Material for this exercise
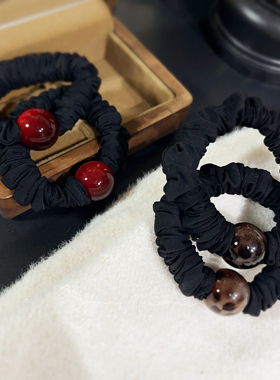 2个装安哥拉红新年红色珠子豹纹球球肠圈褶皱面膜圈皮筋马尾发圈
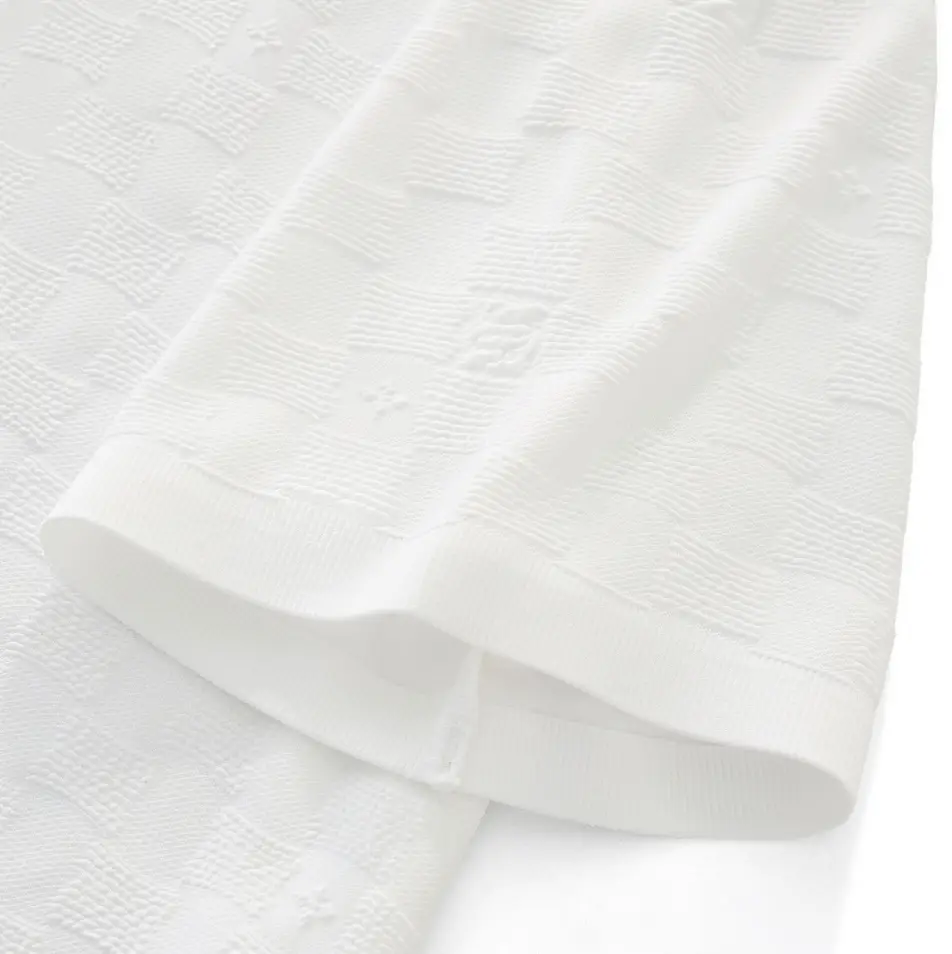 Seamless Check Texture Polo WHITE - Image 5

* * *

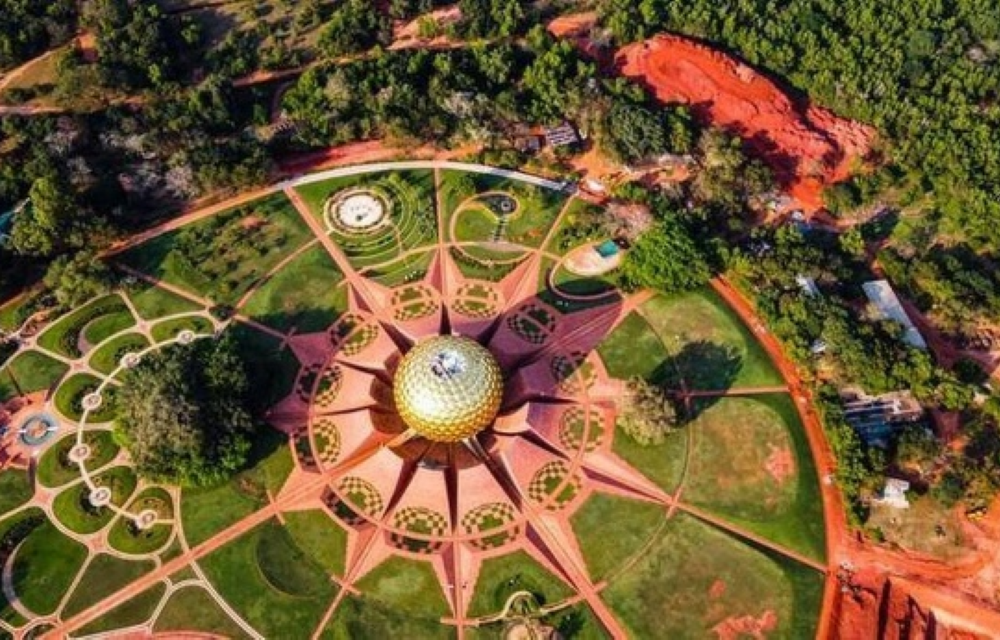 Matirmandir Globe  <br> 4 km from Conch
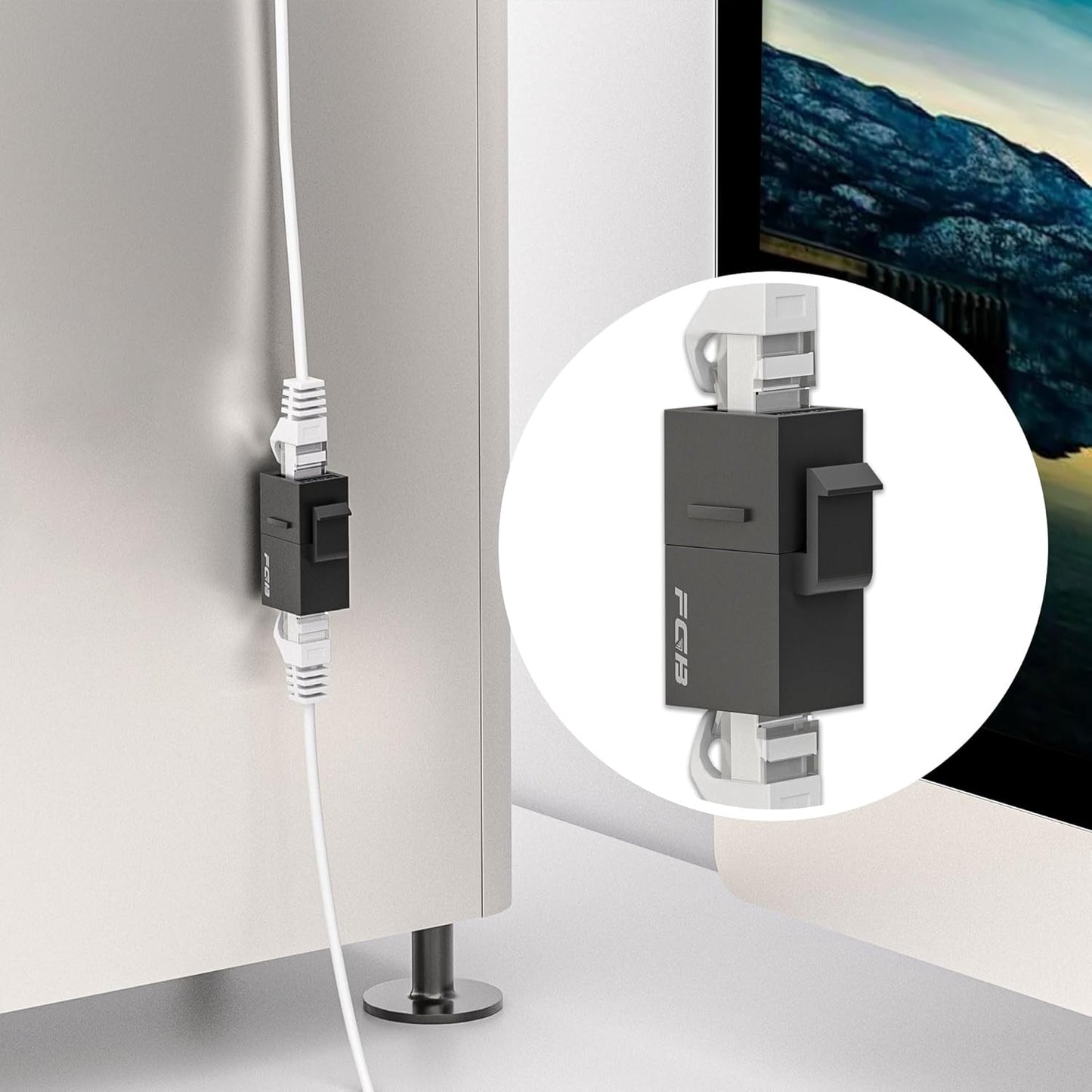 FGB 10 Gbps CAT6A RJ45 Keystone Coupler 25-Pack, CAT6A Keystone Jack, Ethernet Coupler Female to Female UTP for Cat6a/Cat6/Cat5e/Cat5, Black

---

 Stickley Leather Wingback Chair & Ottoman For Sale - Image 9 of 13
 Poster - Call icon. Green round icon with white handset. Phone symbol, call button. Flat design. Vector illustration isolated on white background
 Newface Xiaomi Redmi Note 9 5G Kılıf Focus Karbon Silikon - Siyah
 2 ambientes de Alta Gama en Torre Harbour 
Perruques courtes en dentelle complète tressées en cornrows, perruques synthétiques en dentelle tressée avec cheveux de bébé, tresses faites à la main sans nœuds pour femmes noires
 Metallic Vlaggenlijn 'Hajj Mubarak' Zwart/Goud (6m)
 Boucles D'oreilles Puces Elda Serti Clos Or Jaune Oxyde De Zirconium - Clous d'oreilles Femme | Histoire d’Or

What needs to be done
What you need to produce is an exact copy of the entries above, limited to the lines from the one with "2个装安哥拉红新年红色珠子豹纹球球肠圈褶皱面膜圈皮筋马尾发圈" up to and including the one with "Seamless Check Texture Polo WHITE - Image 5", without pictures.

Task answer
 2个装安哥拉红新年红色珠子豹纹球球肠圈褶皱面膜圈皮筋马尾发圈
 Seamless Check Texture Polo WHITE - Image 5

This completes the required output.